一方の月は、楽しそうに星空を歩いています。
「夜の空もいいもんだなぁ」
ある日のこと、青空を見上げていた子どもが、お母さんに言われました。
「目が悪くなるから、太陽を直接見ちゃいけないよ」
一方、夜空を見上げた男女が話をしていました。
「お月さんが綺麗だ。
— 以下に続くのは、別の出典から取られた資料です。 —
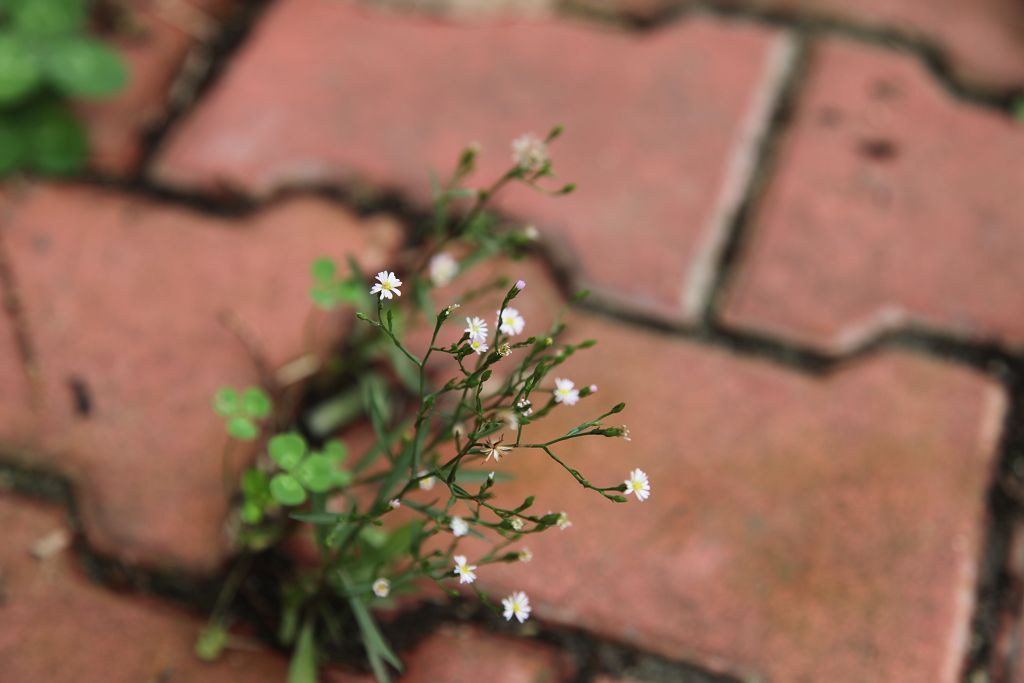 坚强的那株花 摄影 onlyna10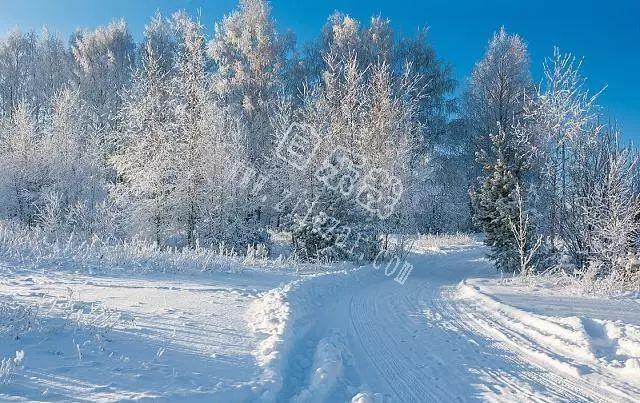 大雪节气的暖心祝福，字字表真情，句句暖人心！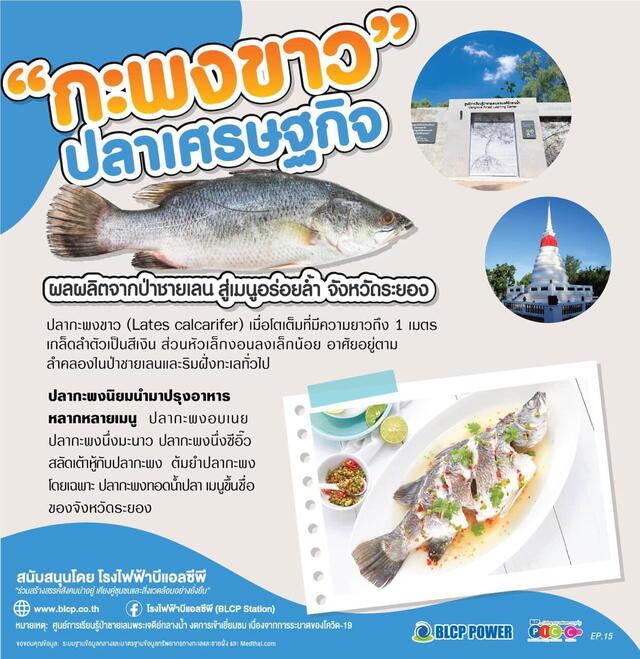 รอบรู้เรื่องป่าชายเลน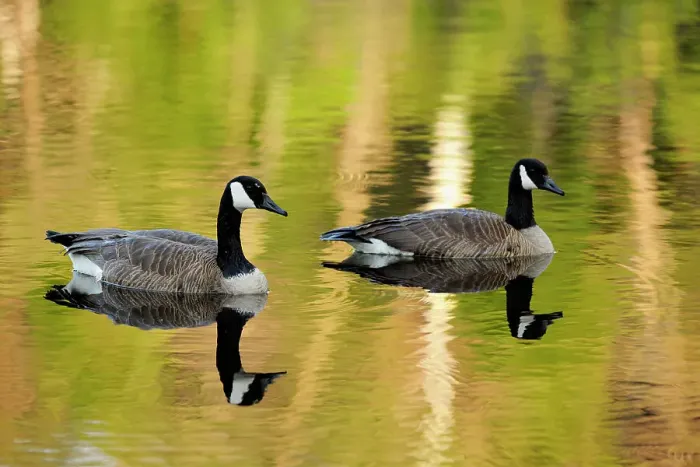 Framed Print : Canada goose (Branta Canadensis) Loafing in beaverpond, Greater Sudbury, Ontario, Canada Framed Print : Canada goose (Branta Canadensis) Loafing in beaverpond, Greater Sudbury, Ontario, Canada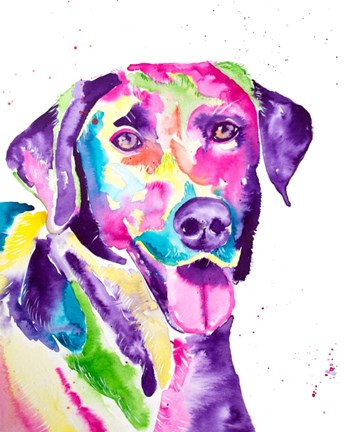 Framed Colorful Black Lab Print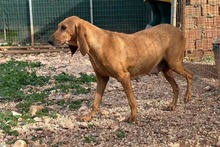 BELLA, Hund, Jagdhund-Mix in Griechenland - Bild 11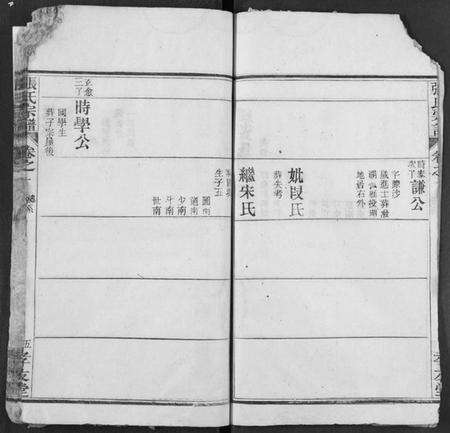 湖北张氏族谱-张氏宗谱.pdf电子版预览图5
キミと同じくらい」
「やだぁ」
褒められる月に嫉妬した太陽は、ちょっとした意地悪を始めました。
月と人々の間で傘をさし、月の顔に影を作ったのです。
欠けてしまった月を見て人々は言います。
「欠けたお月さんも美しいね」
それを聞いた太陽は激怒しました。
「月をこの世から消さなきゃ」
太陽は、以前『潘氏真花』を枯らした薬を手に、月の元へ向かおうとしました。
「もう、おやめなさい」
「か、神様・・・」
太陽は、涙ながらに訴えました。
「私、こんな生活に耐えられない!
神様は、なんで私を選んだの?
勝負に負けた月は、みんなに『お月さん』って呼ばれます
私はいつまでたっても、迷惑な眩しい太陽・・・。
誰も『太陽さん』と呼びません。
私だって、私だって、さん付けで呼ばれたい!」
神様は微笑みました。
「それは、今後のあなた次第ですよ」
太陽は心を入れ替えて頑張りました。
何があろうと、明るい笑顔で毎日を過ごします。
たとえ人々が、日傘をさして太陽を見ないようにしても・・・。
数年後、太陽の努力が実りました。
なんと、ある一部の地域では太陽のことを「サン」と呼ぶようになったのです。
子どもからお年寄りまで、皆が口を揃えて「サン(Sun)」と呼びます。
太陽は呟きました。
「でも、サン・・・だけじゃあ・・・ねぇ・・・」
この物語はもちろんフィクションです。
実在の人物やドラマや伝説などの影響は一切受けておりません。